The Credit Facility contains requirements with respect to leverage and current ratios, and certain covenants, including restrictions on our ability to incur debt and limitations on our ability to pay dividends unless certain customary conditions are met, in each case, subject to customary carve-outs and exceptions. Antero Resources was in compliance with all of the financial covenants under the Credit Facility as of December 31, 2022 and September 30, 2023.
The Credit Facility provides for borrowing at either an Adjusted Term Secured Overnight Financing Rate (“SOFR”), an Adjusted Daily Simple SOFR or an Alternate Base Rate (each as defined in the Credit Facility). The Credit Facility provides for interest only payments until maturity at which time all outstanding borrowings are due. Interest is payable at a variable rate based on SOFR or the Alternate Base Rate, determined by election at the time of borrowing, plus an applicable margin rate under the Credit Facility. Interest at the time of borrowing is determined with reference to the Antero Resources’ then-current leverage ratio subject to certain exceptions. Commitment fees on the unused portion of the Credit Facility are due quarterly at rates ranging from 0.375% to 0.500% with respect to the Credit Facility, determined with reference to borrowing base utilization, subject to certain exceptions based on the leverage ratio then in effect. The Credit Facility includes fall away covenants, lower interest rates and reduced collateral requirements that Antero Resources may elect if Antero Resources is assigned an Investment Grade Rating (as defined in the Credit Facility).
As of December 31, 2022, Antero Resources had an outstanding balance under the Credit Facility of $35 million, with a weighted average interest rate of 6.42%, and outstanding letters of credit of $504 million. As of September 30, 2023, Antero Resources had an outstanding balance under the Credit Facility of $474 million, with a weighted average interest rate of 7.68%, and outstanding letters of credit of $502 million.

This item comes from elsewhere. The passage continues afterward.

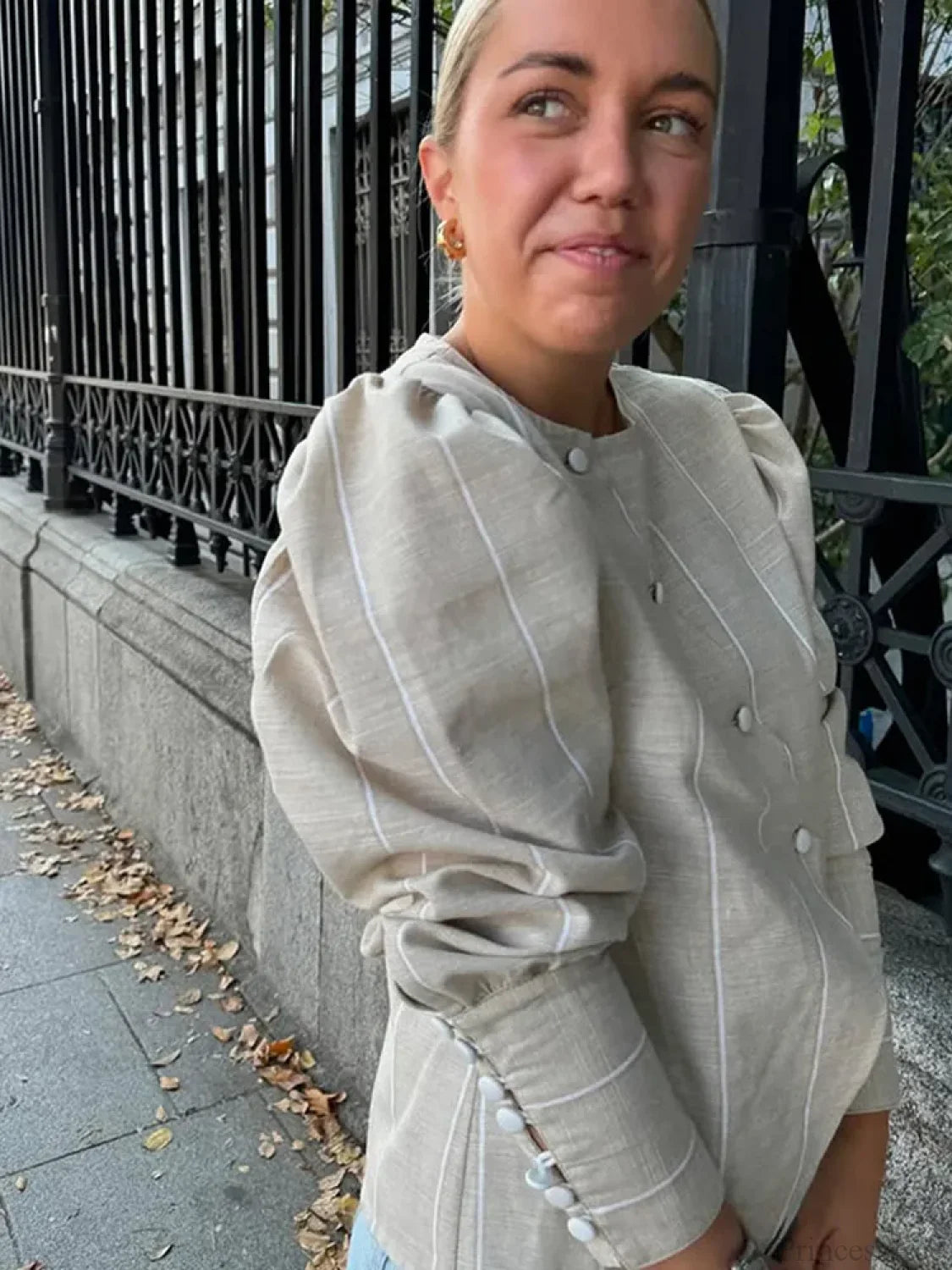 Bubble Sleeve Slanted Button Stripe Blouse blouse-250223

On December 21, 2016, Antero Resources issued $600 million of 5.00% senior notes due March 1, 2025 (the “2025 Notes”) at par. The Company repurchased or otherwise redeemed all of the 2025 Notes between 2020 and the first quarter of 2022, and the 2025 Notes were fully retired as of March 1, 2022. Interest on the 2025 Notes was payable on March 1 and September 1 of each year. See “—Debt Repurchase Program” below for more information.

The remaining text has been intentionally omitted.